Drivers who know they have been drinking dread seeing the flashing lights of a police vehicle. These traffic stops often lead to the driver being arrested if there is evidence that he or she is impaired according to the legal definition. As the holiday season approaches, anyone who is going to drink alcohol at parties needs to remember to find a way home that doesn't involve them driving because a drunk driving charge is almost certainly going to ruin the holiday season.

When police officers pull people over for the suspicion of drunk driving, they usually aren't just targeting random vehicles unless they are participating in a sobriety checkpoint. Typically, police officers will pull over a vehicle if there is reasonable suspicion to believe that the driver has been drinking.

Erratic driving, such as swerving, failing to yield or driving too slow, can lead to a traffic stop.
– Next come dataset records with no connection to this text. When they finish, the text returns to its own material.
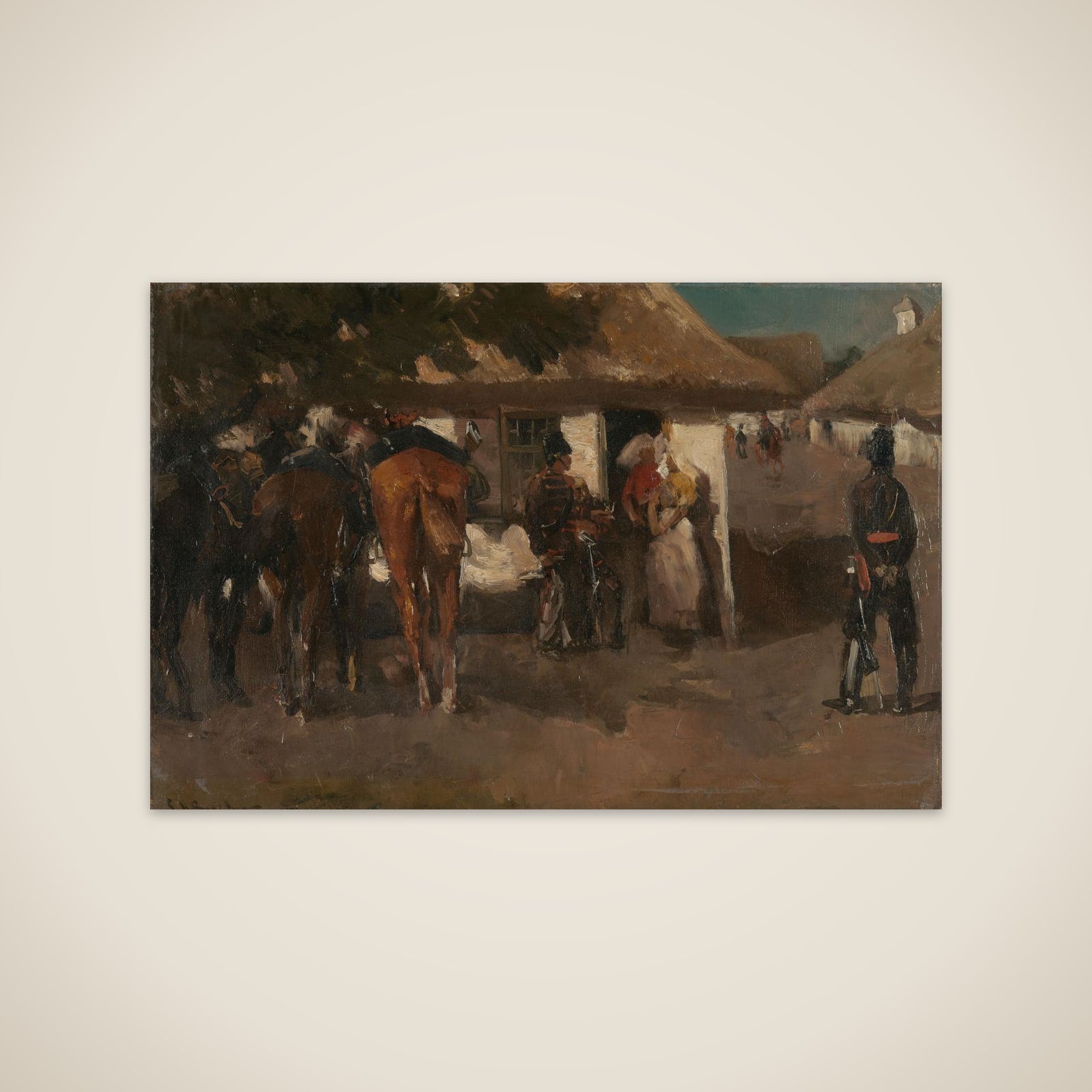 Billeting the Troops unframed print
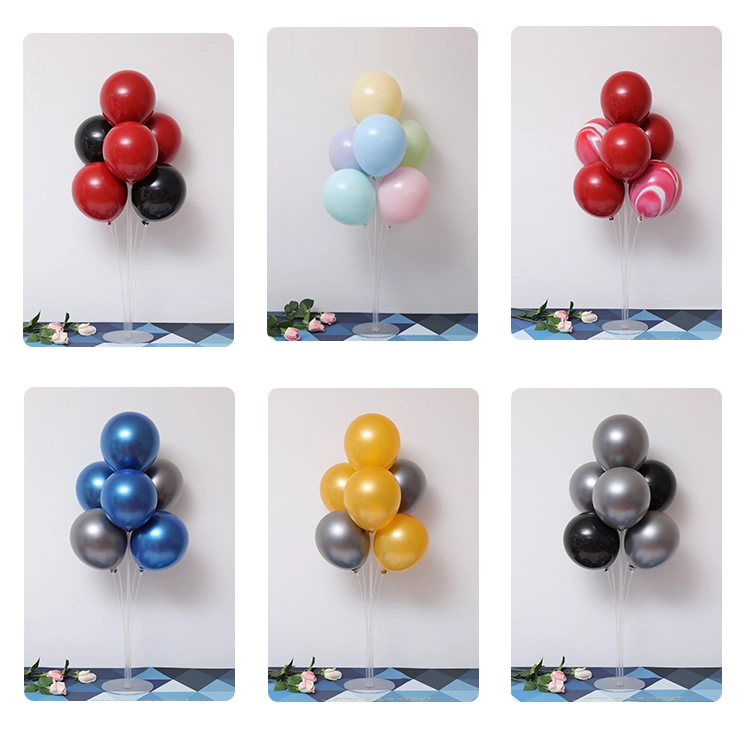 Parte de suministros y Juguetes Juegos de globos en forma de corazón Flor de la copa metálica Stick Wholesale/Supplier Beer Pong globo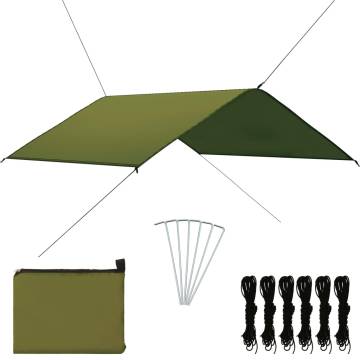 Outdoor Tarp 4x4 m Green - Versatile Camping Shelter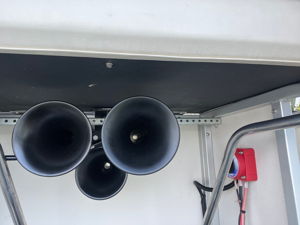 Jason's 2005 Triton Pontoon Boat Train Horn Install with Outlaw Train Horn Kit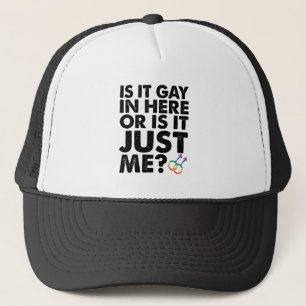 Casquette Est-ce gay ici ou est-ce juste moi Fierté LGBT
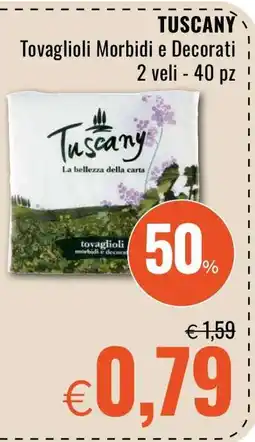 Famila TUSCANY Tovaglioli Morbidi e Decorati offerta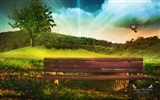 Beautifully rendered scenery wallpaper (9)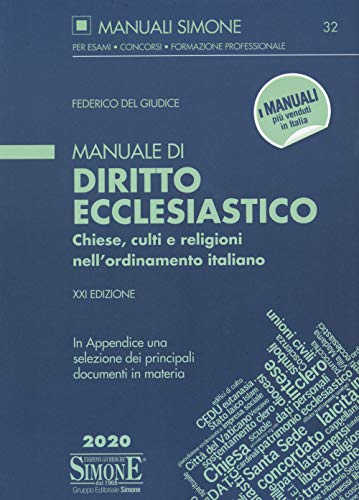 Beispielbild fr MANUALE DI DIRITTO ECCLESIASTICO. CHIESE, CULTI E RELIGIONI NELL`ORDIN zum Verkauf von Buchpark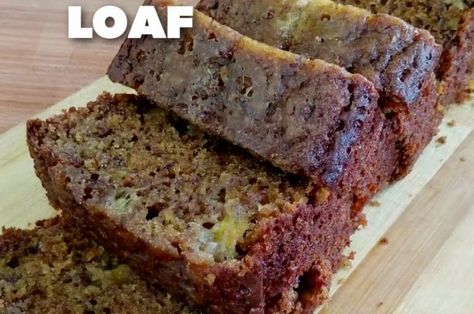 Banana Cake Recipe Moist, Banana Recipes No Bake, Cake Recipe Moist, Yummy Kitchen, Ripe Banana Recipe, Banana Bread Recipe Moist, Moist Banana Bread, Easy Banana Bread Recipe, Banana Cake Recipe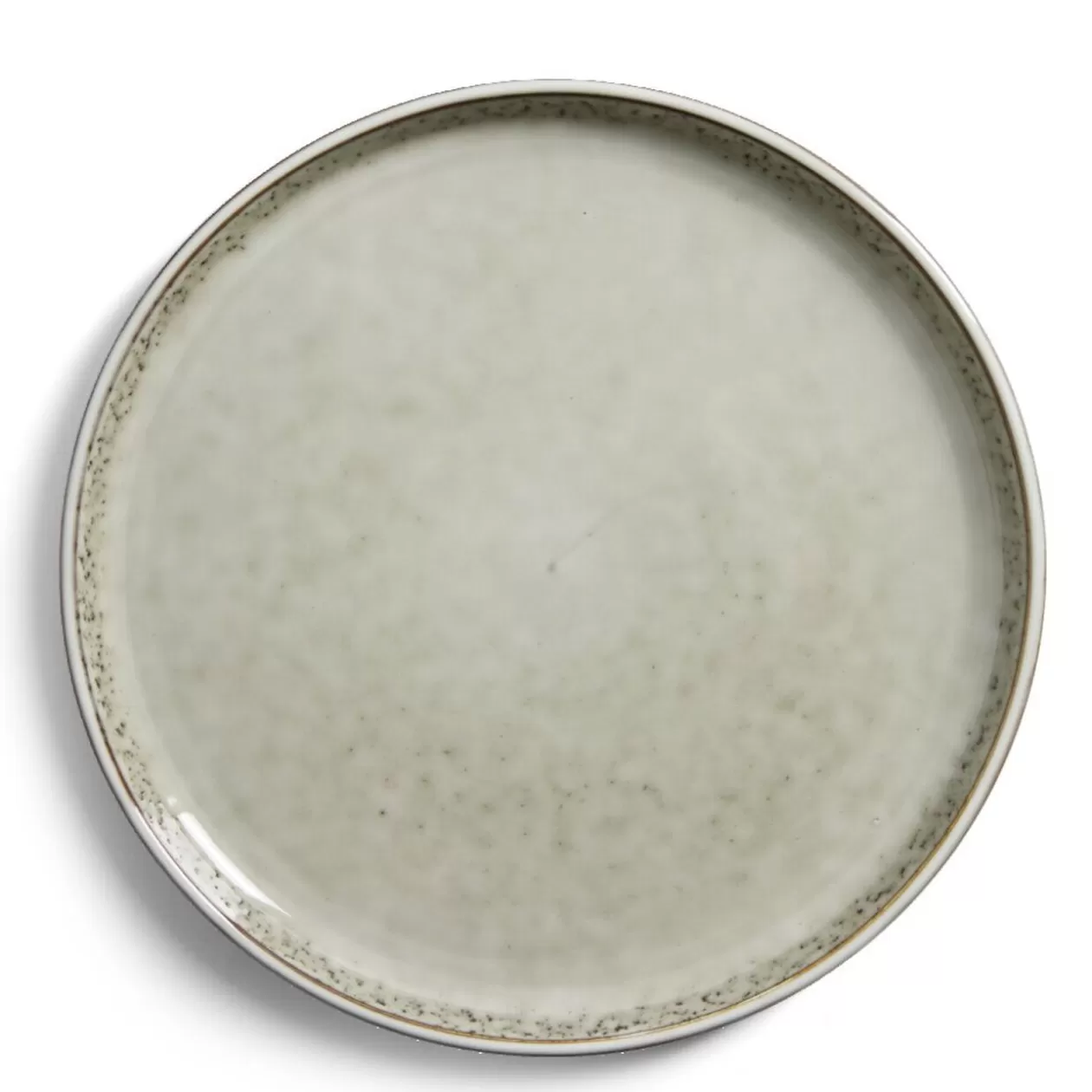 Assiette à dessert grès gris Ø21,5cm>Gifi Hot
Once the traffic stop is initiated, the police officer might request that you take a test to determine your blood alcohol concentration or ask you to take a field sobriety test. In some cases, these will both occur.

If you are deemed to be intoxicated, which usually mean you have a BAC of above the legal limit, you will likely be arrested. At this point, you need to start planning your DUI defense. This defense can include many components, including calling the reason for the traffic stop into question or trying to prove that the BAC testing was incorrect. Knowing what defense strategies you might utilize is one step toward planning and executing your personalized defense.